Жюно оставался в задумчивости. В самом деле, все, что говорил Рапп, ясно показывало огорчение Первого консула. Жюно расспрашивал своего товарища, но тот говорил только о том, что явно выражалось на лице Наполеона; не от Раппа следовало требовать тонкости взгляда, различающего или угадывающего истину по этим простым признакам. Он видел, что Первый консул печален, потому что привязанность давала верность его взгляду, шедшему прямо от сердца. Но о чем печалился он? Угадать это для него было уже слишком трудно.

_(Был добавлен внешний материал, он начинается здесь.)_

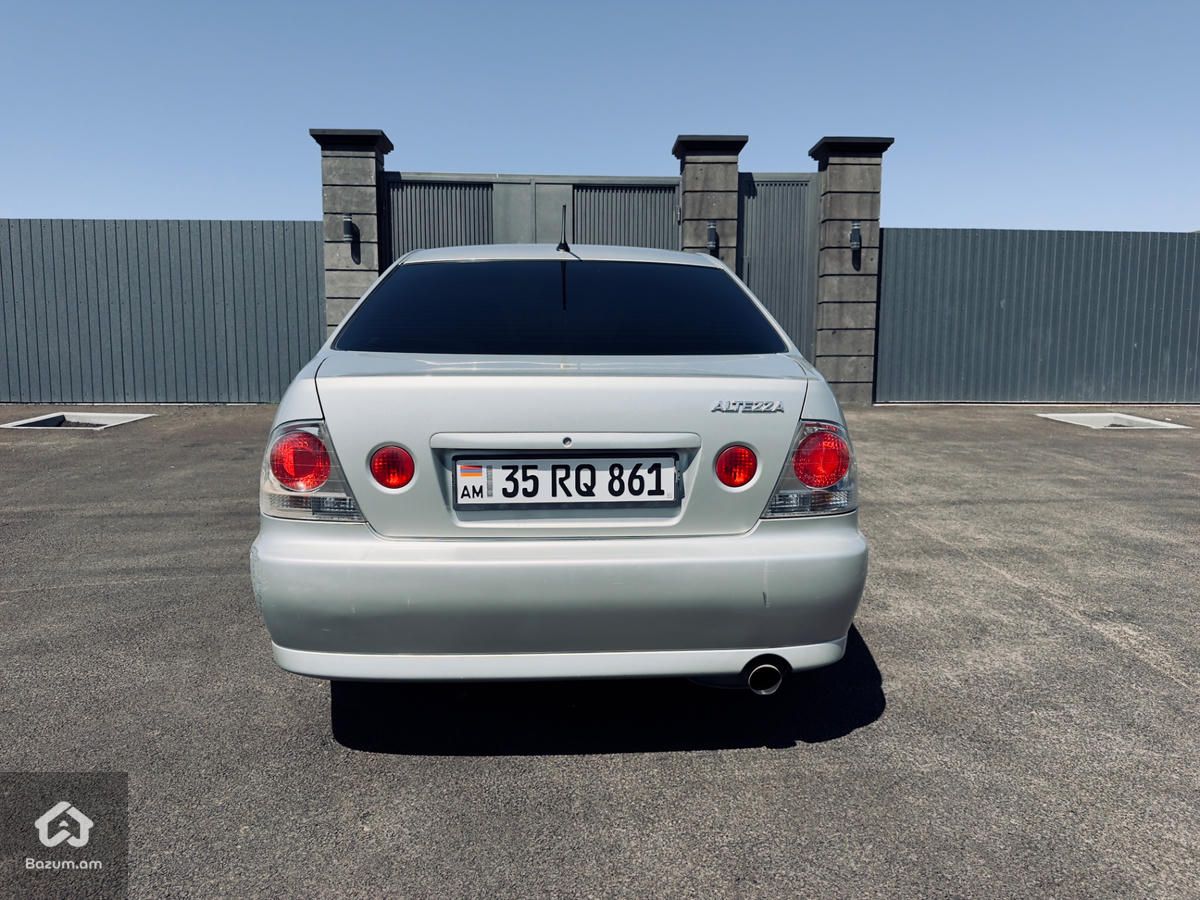 Toyota Altezza 2001 - image 9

Когда мы приехали в Мальмезон, Первый консул был в своем кабинете. Он тотчас позвал к себе Жюно, и они оставались там взаперти больше часа. Незадолго до обеда мы увидели, что они прохаживаются по аллее, которая вела к решетке со стороны Жоншера и Буживаля. Жюно был серьезен и, по-видимому, слушал Первого консула с большим вниманием. Иногда видно было, как лицо Наполеона оживлялось и будто блистало каким-то светом. Дойдя до конца аллеи со стороны дворца, он остановился и, как бы желая рисунком пояснить Жюно слова свои, начертил ногой несколько фигур на песке. Помню даже, что, видно, это показалось ему трудно, и он попросил у Жюно шпагу: ею-то, не вынимая из ножен, продолжал он чертить свои стратегические фигуры.
Когда мы пришли в столовую, Первый консул уже сидел за столом, посадил меня подле себя и тотчас начал говорить со мной о настолько посторонних предметах, что стало ясно: единственное его желание было избежать молчания. Я рассматривала его и в самом деле увидела, что он тяготится какой-то глубокой мыслью.

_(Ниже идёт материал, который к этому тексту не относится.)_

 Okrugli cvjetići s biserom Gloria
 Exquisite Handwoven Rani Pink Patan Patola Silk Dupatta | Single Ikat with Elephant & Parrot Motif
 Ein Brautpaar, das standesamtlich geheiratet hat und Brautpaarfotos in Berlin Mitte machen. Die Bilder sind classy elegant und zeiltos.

Увы! Предмет ее был слишком важен: мы потеряли Египет! Тщетно Первый консул старался скрывать первые известия, которые дошли до него. Он надеялся еще, что счастливая судьба его восторжествует в судьбе Египта над несчастьем, перенесенным туда генералом Мену… Англичане одержали победу… Экспедиция Аберкромби причинила бы много зла Египту и при начальнике искусном; а с тем, который командовал армией и туземным правительством, она приносила на прибрежье Абукира смерть и погибель.
Возвращаясь в Париж, Жюно был глубоко печален. Он рассказал мне все, что узнал от Первого консула и что вскоре должно было сделаться известно публике, а может быть, уже и известно, потому что торгующее сословие могло получить известия из Англии, всегда стремившейся первой сообщить нам о наших несчастьях. Первый консул показался Жюно столь опечаленным, что он сам страдал, видя горе души, в которой ни одно ощущение не могло быть слабо или умеренно.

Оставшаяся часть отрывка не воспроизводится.